6. The tentative submission on behalf of the Respondents that the degree of absorption of oxygen of the desiccant could well be less than expected, was not supported by any evidence. The specification warns the public that there is a "slight increase of the oxygen concentration of the dry nitrogen product stream during the initial period of the product withdrawn from the desiccant column" (emphasis added, page 8, lines 5-7). The Applicants accepted such disadvantage and what happened was, therefore, in accordance with general expectations (cf.
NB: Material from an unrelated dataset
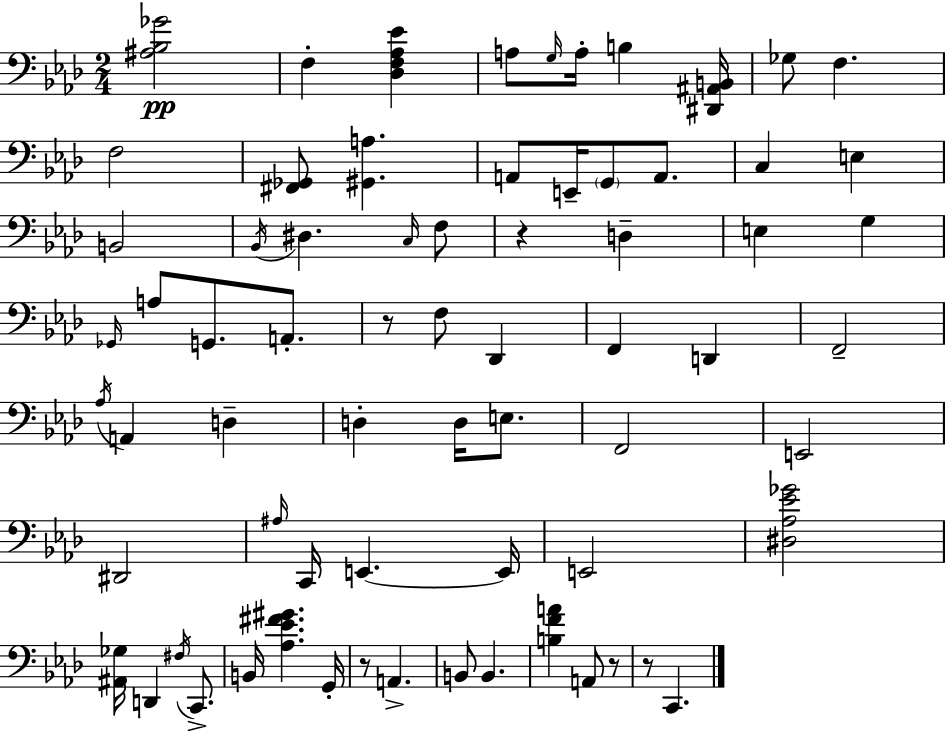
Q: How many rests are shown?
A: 5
Thermoplastic moulding compositions/ BAYER, T69/83, OJ 8/1984, 357, Headnote I).
7. The reasoning of the Opposition Division that the Opponents should have presented convincing reasons why other gases would not be suitable or why voids gas recommends itself in particular, cannot be followed. The other suggested gases for drying all are acceptable candidates for achieving the same goal with some known advantages and disadvantages. The skilled person's general knowledge of physico-chemistry would have suggested that any gas which is dry or unsaturated in respect of water would regenerate the desiccator if given sufficient time. The experience that dry void gas is for instance less advantageous than dry nitrogen product gas in view of its limited oxygen content, is no surprise to anyone. There is no invention in choosing either of such solutions.
8. In view of the above, Claim 1 lacks inventive step. The same applies to dependent Claims 2 to 6, and independent Claim 7 which only contain features known in themselves in the art of processing gas mixtures and for which no additional inventive contribution has been advanced.
For these reasons, it is decided that:
1. The decision under appeal is set aside.
2. The patent is revoked.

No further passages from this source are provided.